▸ **Stored data**:
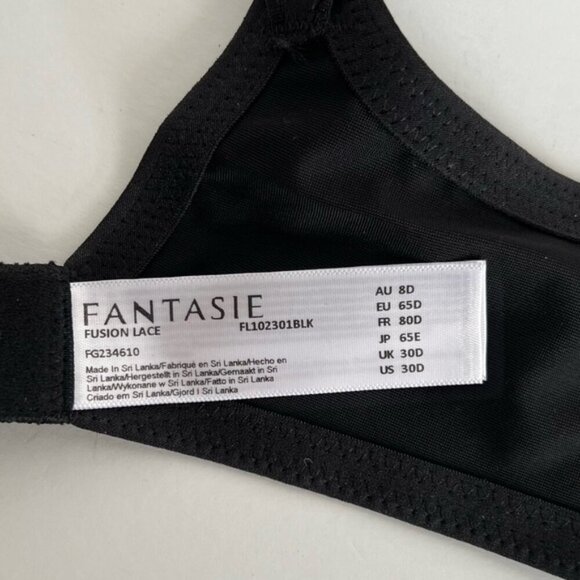 Fantasie - Fusion Lace Underwire Side Support Bra - Black. Size:30D. NWT. (1857) - Picture 7 of 14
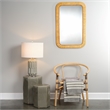 Maklaine Large Handmade Geometric Ceramic Side Table in Gray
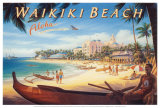 Strand von Waikiki Kunstdrucke von Kerne Erickson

▸ **Try it**:
Starting at the line that contains "Maklaine Large Handmade", write out exactly each line through the last one in the listing above, leaving out the pictures and adding nothing else.

▸ **Solution for this task**:
 Maklaine Large Handmade Geometric Ceramic Side Table in Gray
 Strand von Waikiki Kunstdrucke von Kerne Erickson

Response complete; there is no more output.